Excerpted records: Begin

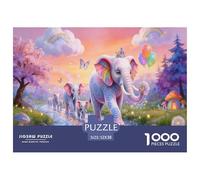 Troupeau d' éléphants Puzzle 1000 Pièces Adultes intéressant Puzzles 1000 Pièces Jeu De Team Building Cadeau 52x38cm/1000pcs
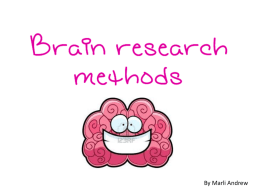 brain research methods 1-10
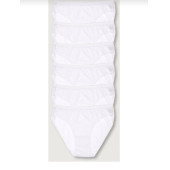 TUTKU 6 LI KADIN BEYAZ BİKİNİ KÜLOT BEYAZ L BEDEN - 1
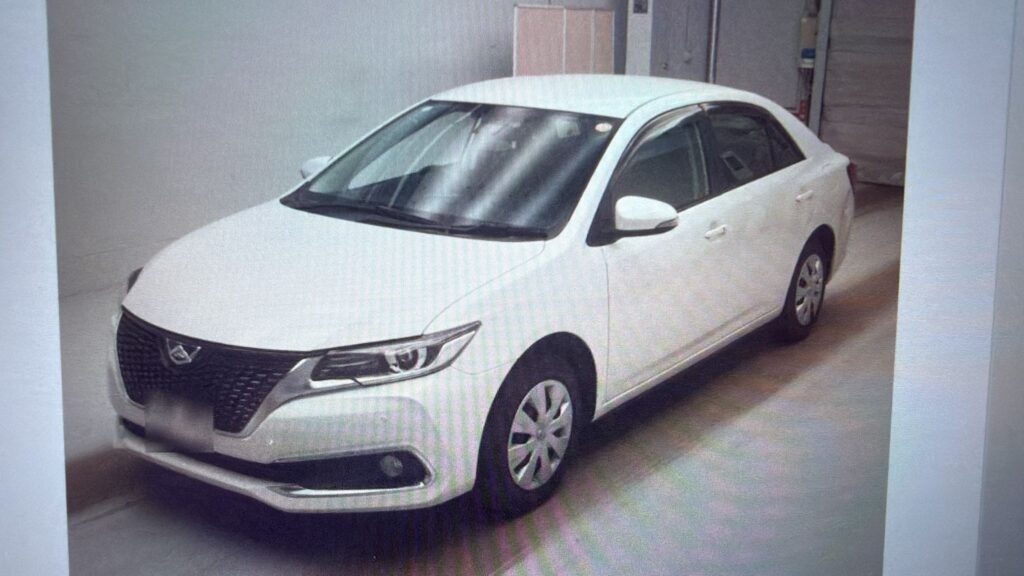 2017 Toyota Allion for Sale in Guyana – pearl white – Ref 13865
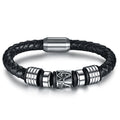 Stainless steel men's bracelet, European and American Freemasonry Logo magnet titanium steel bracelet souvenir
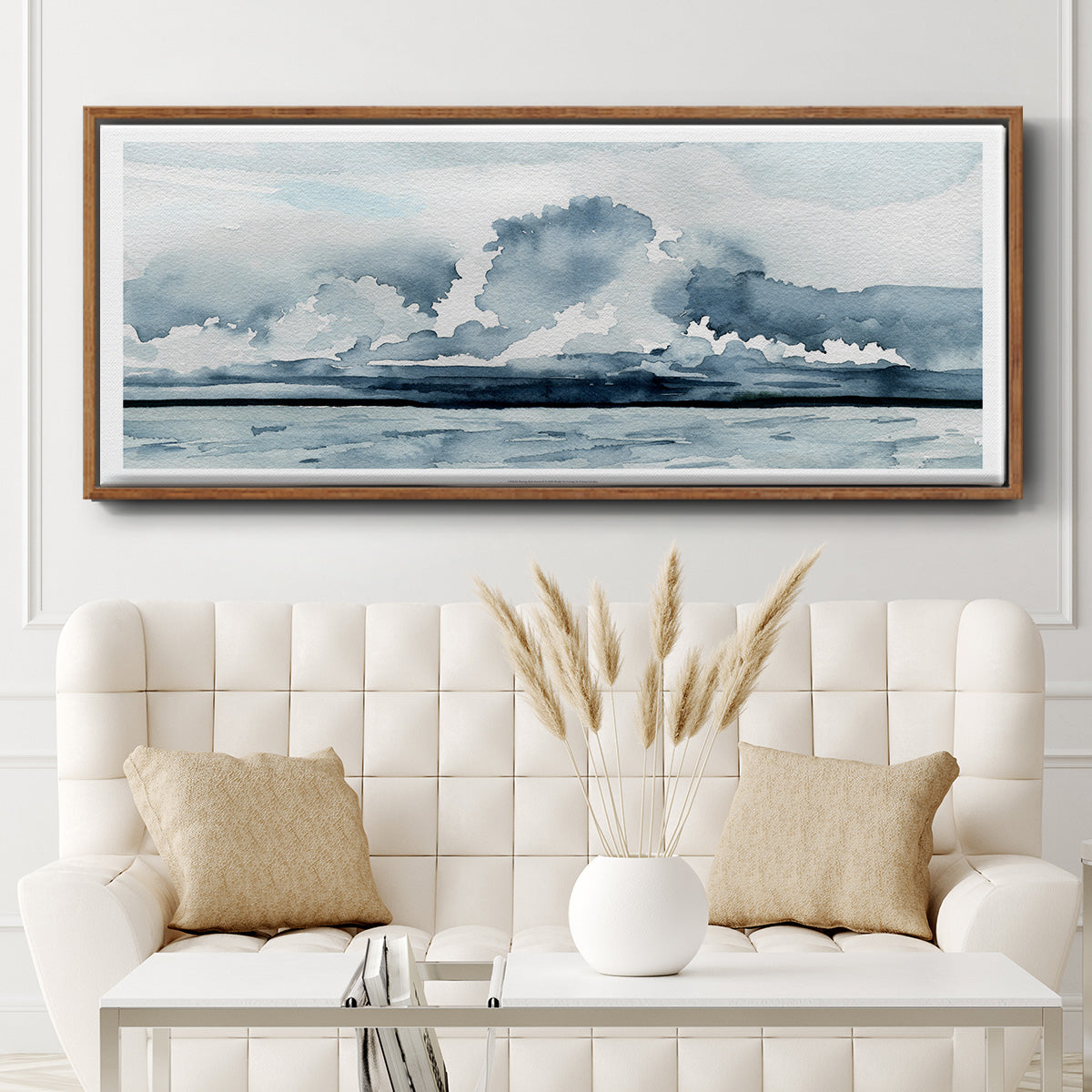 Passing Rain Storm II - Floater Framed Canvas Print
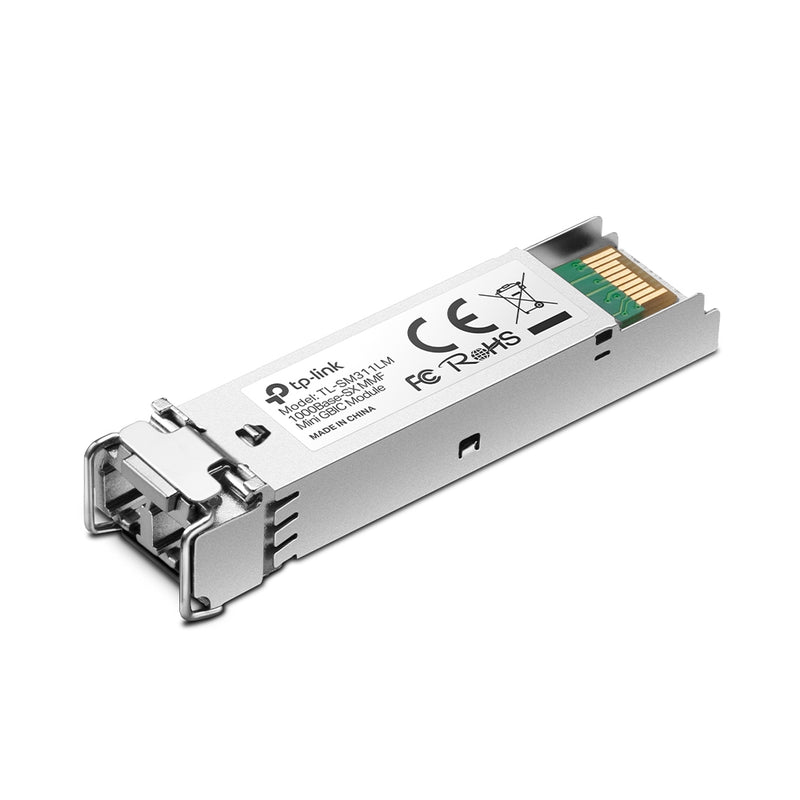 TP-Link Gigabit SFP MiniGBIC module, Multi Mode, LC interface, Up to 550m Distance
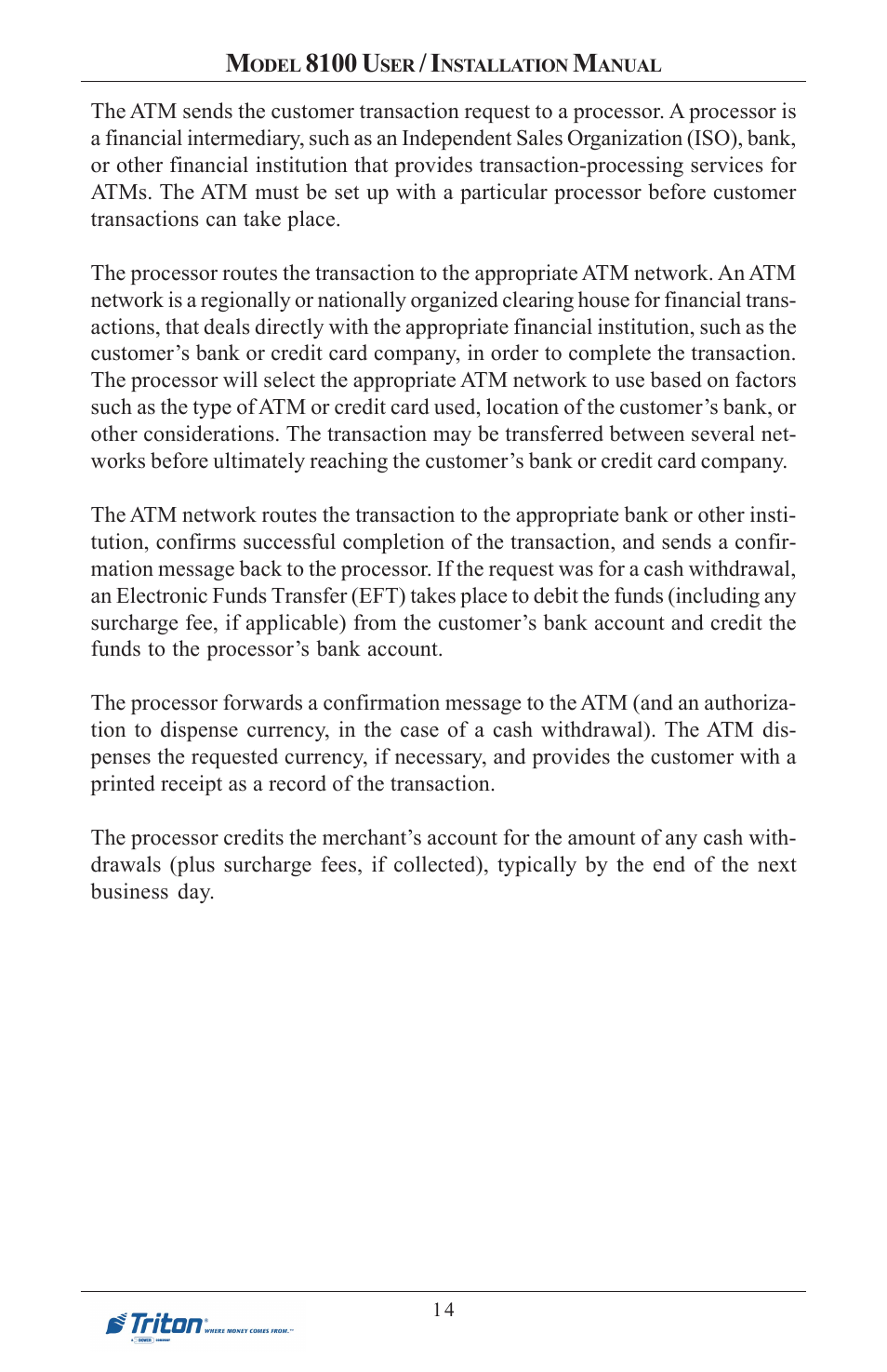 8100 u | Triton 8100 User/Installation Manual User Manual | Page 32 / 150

Excerpted records: End

Prompt: Word for word, output the lines from the line bearing "TUTKU 6 LI KADIN" through the end of the records above, and only those, without the pictures.

Written response:
 TUTKU 6 LI KADIN BEYAZ BİKİNİ KÜLOT BEYAZ L BEDEN - 1
 2017 Toyota Allion for Sale in Guyana – pearl white – Ref 13865
 Stainless steel men's bracelet, European and American Freemasonry Logo magnet titanium steel bracelet souvenir
 Passing Rain Storm II - Floater Framed Canvas Print
 TP-Link Gigabit SFP MiniGBIC module, Multi Mode, LC interface, Up to 550m Distance
 8100 u | Triton 8100 User/Installation Manual User Manual | Page 32 / 150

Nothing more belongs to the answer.